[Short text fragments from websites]
= = = = =
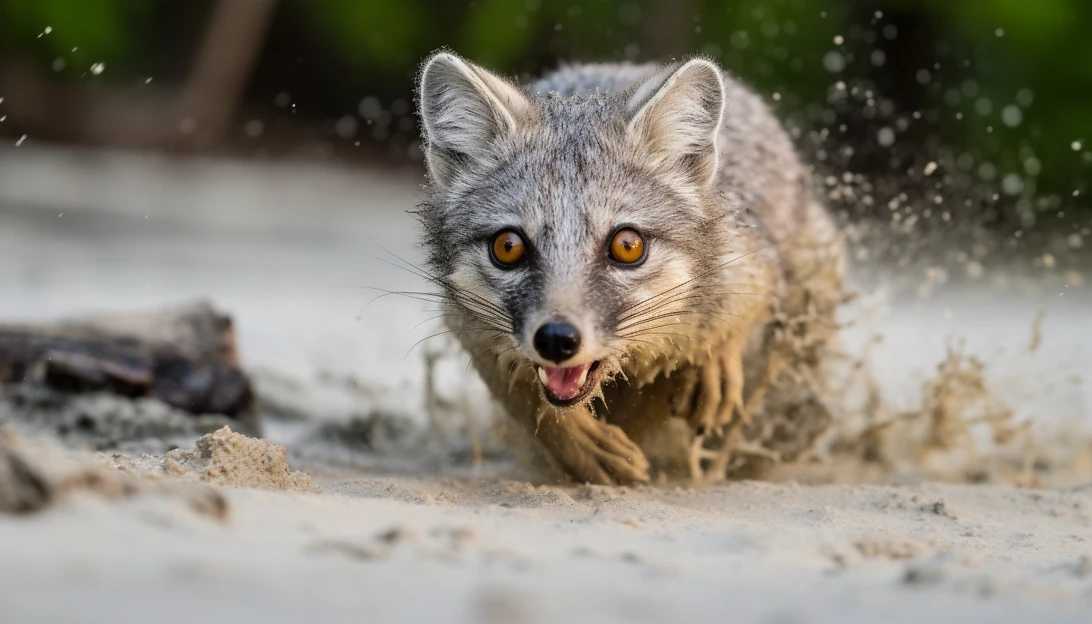 An intriguing shot of wildlife in action, showcasing the cunning nature of a gray fox. (Taken with Sony Alpha A7 III)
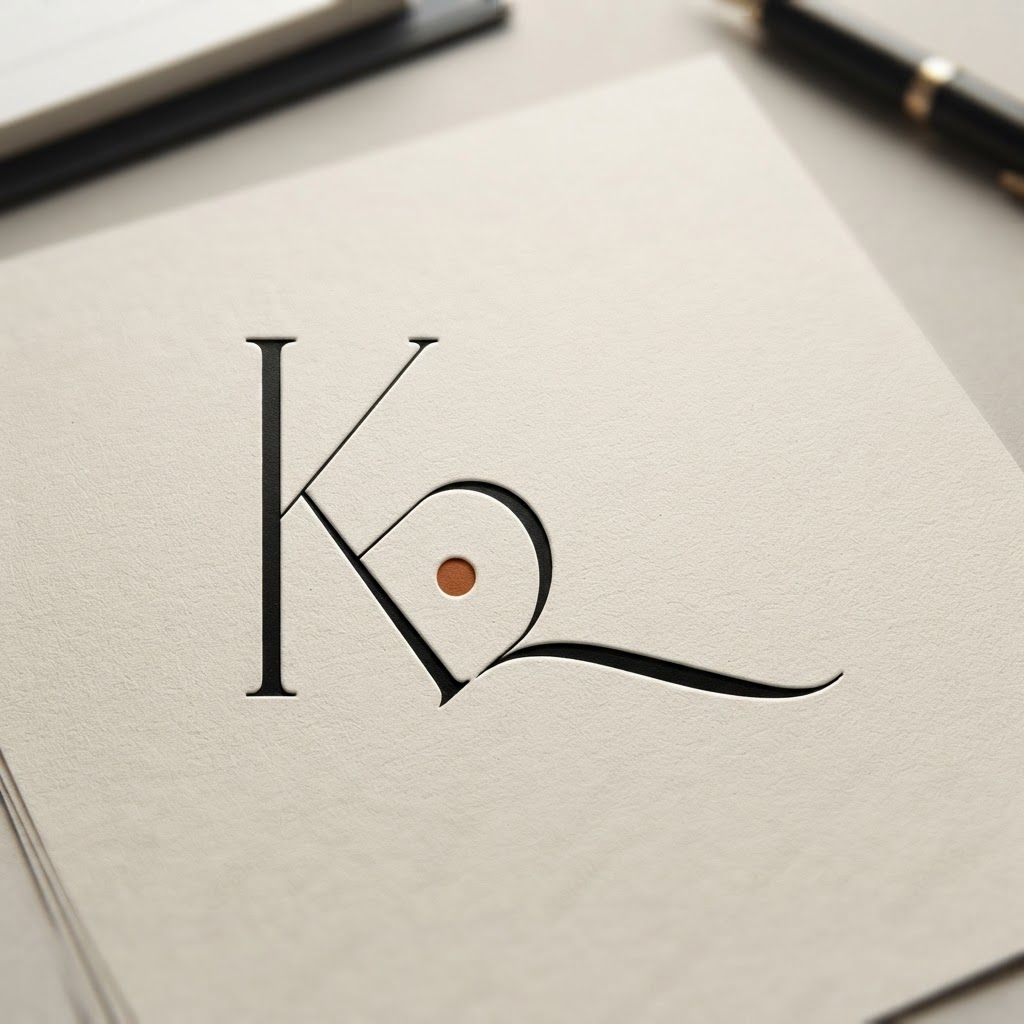 AI Design for Premium logo presentation mockup concept for Create a sophisticated brand system featuring minimalist typography and clean geometric accents that reflect high-end agency elegance.. Logo or brand mark displayed on a clean neutral surface with subtle depth, refined shadow, precise alignment, elegant design-studio presentation, no extra readable text.
Incorporate the attached brand element reference image (Reference A: brand element "K&R Minimalist Mark") into the composition where natural — preserve the depicted brand element's appearance.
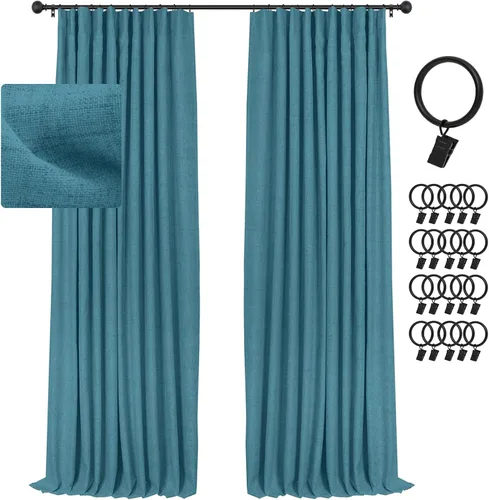 Vista 43 de INOVADAY Cortinas 100% opacas para dormitorio, cortinas opacas de color rosa bebé de 90 pulgadas de largo, cortinas opacas de lino con anillos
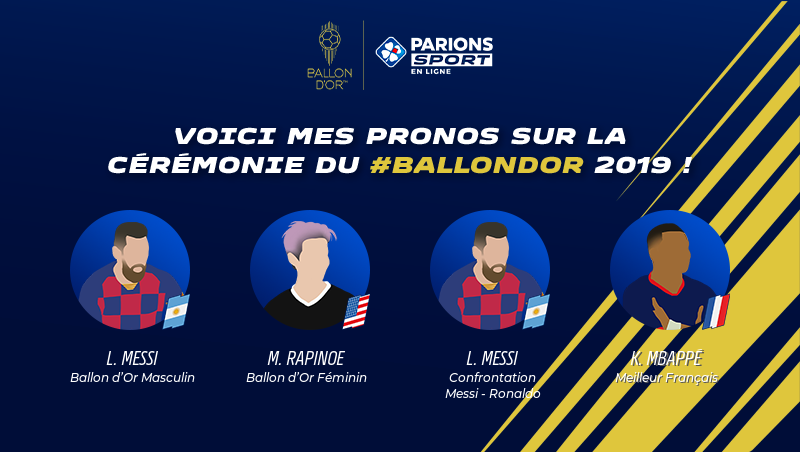Saint_Georges's tweet photo. Voici mes pronos sur la cérémonie du #Ballondor 2019 avec @ParionsSport !
À ton tour de parier pour tenter de gagner 1 000€ de freebets sur https://t.co/I3b9MsK67e https://t.co/55Jj91fZBq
= = = = =
■ **Goal of the exercise**: Would you reproduce, exactly and with nothing added, every line from the beginning of the entries above through the line that contains "Incorporate the attached", both included, leaving out the pictures?

■ **Solution to the exercise**:
 An intriguing shot of wildlife in action, showcasing the cunning nature of a gray fox. (Taken with Sony Alpha A7 III)
 AI Design for Premium logo presentation mockup concept for Create a sophisticated brand system featuring minimalist typography and clean geometric accents that reflect high-end agency elegance.. Logo or brand mark displayed on a clean neutral surface with subtle depth, refined shadow, precise alignment, elegant design-studio presentation, no extra readable text.
Incorporate the attached brand element reference image (Reference A: brand element "K&R Minimalist Mark") into the composition where natural — preserve the depicted brand element's appearance.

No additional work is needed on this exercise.